Background technology
Along with the raising of China's power network schedule automation, the unattended operation of transformer station is the development of current power system
Trend, in transformer substation intelligent monitoring system, fire defector is primarily to auxiliary monitoring personnel safeguard substation safety, and it is
Carry out researching and developing based on technology such as Digital Image Processing, Digital Video Processing, computer vision and Model Identification, by means of calculating
Machine treatment technology, carries out high speed analysis to the mass data in monitor video, the flame automatically occurred in detection monitoring place, and
To monitoring, personnel report to the police, and to avoid the generation of fire, bring about great losses.
In current video flame detecting method, only consider flame individually or Partial Feature, as single color characteristic,
Behavioral characteristics or shape facility, not from overall these features of angle comprehensive consideration, in some cases, due to obtained
Characteristic set is insufficient, or different objects has identical feature, and traditional method can be other objects, such as flicker at night
Car light, be mistaken for flame.
It addition, current flame detecting method directly utilizes before and after's frame frame difference to determine flame zone when extracting behavioral characteristics
Territory, will report to the police when the object meeting flame color feature is moved, and this can cause the flase drop of flame equally.

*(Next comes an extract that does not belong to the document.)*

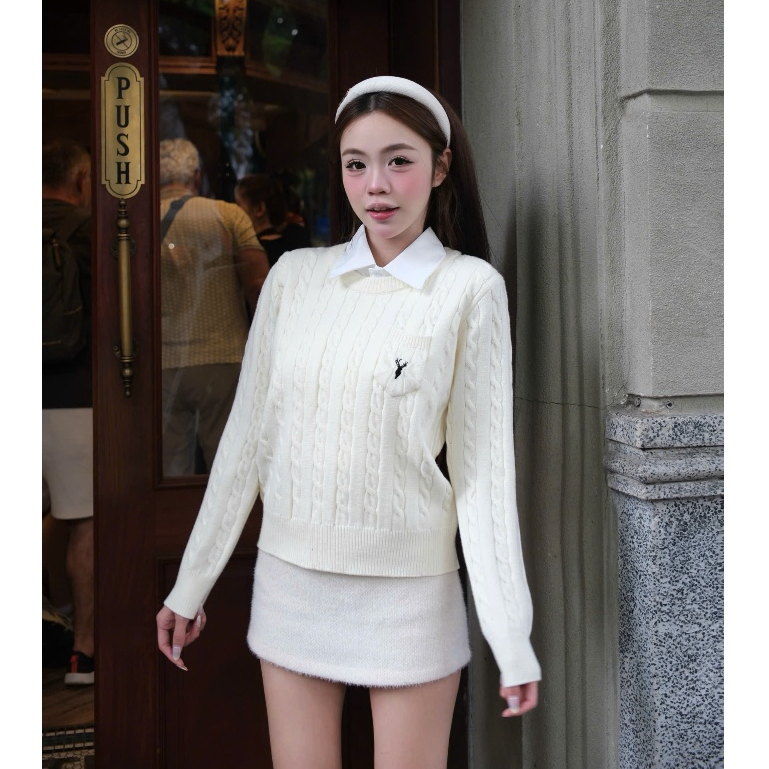 HTIQUE - DEAl mở bán Áo len dệt kim thiết kế knit basic cao cấp, Áo len dệt kim 4 màu nhẹ nhàng dạp phố LA33 | BigBuy360 - bigbuy360.vn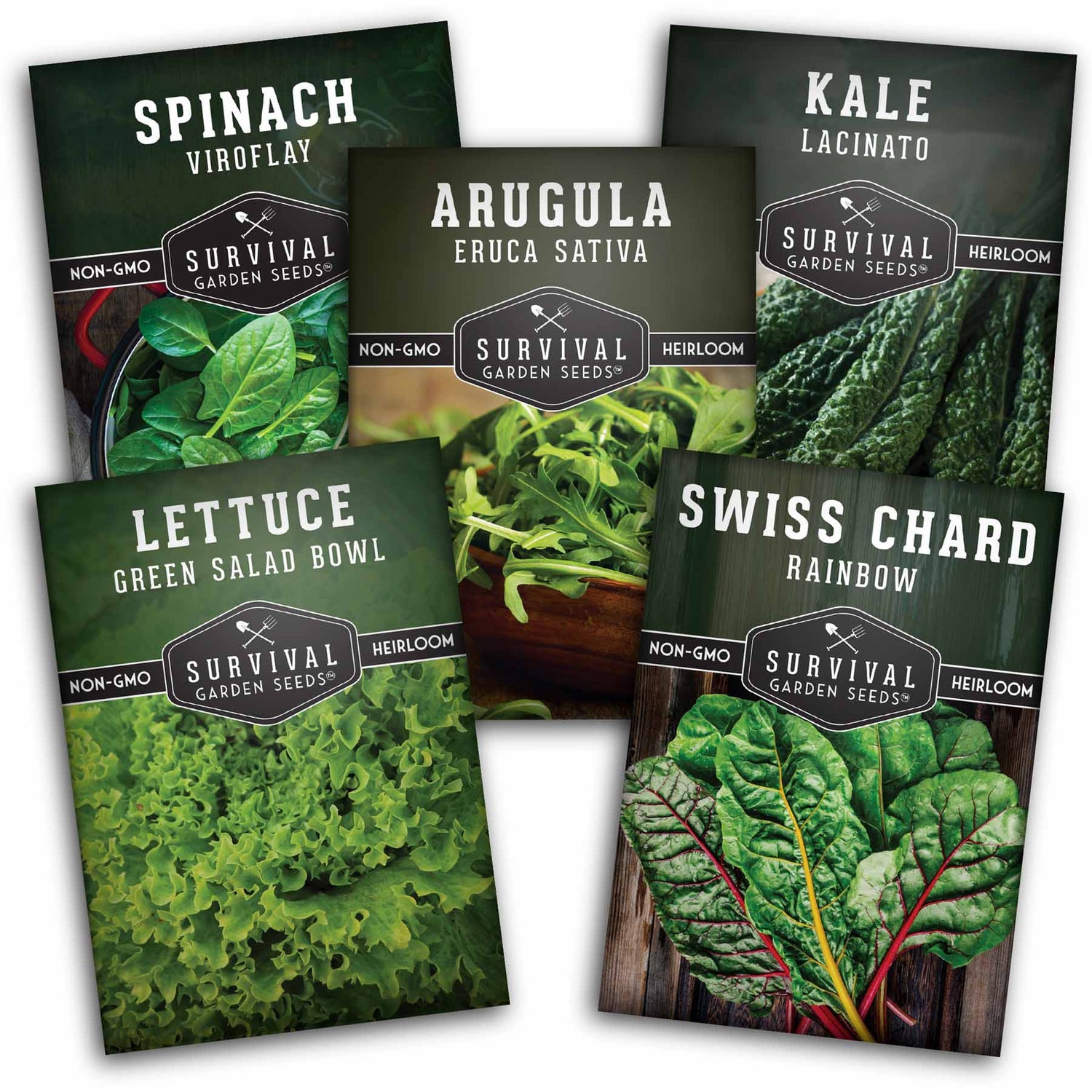 5 Packets of heirloom greens seeds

So, how to improve fire defector precision, it is urgently to be resolved hurrily in video flame detection for reducing fire defector false drop rate
Problem.
Summary of the invention
In order to solve above-mentioned technical problem, the present invention proposes a kind of dynamic flame detection method merging multiple features and dress
Put, by the flame in Fusion of Color feature, motion feature, shape and structure feature and blinking characteristics detection video flowing.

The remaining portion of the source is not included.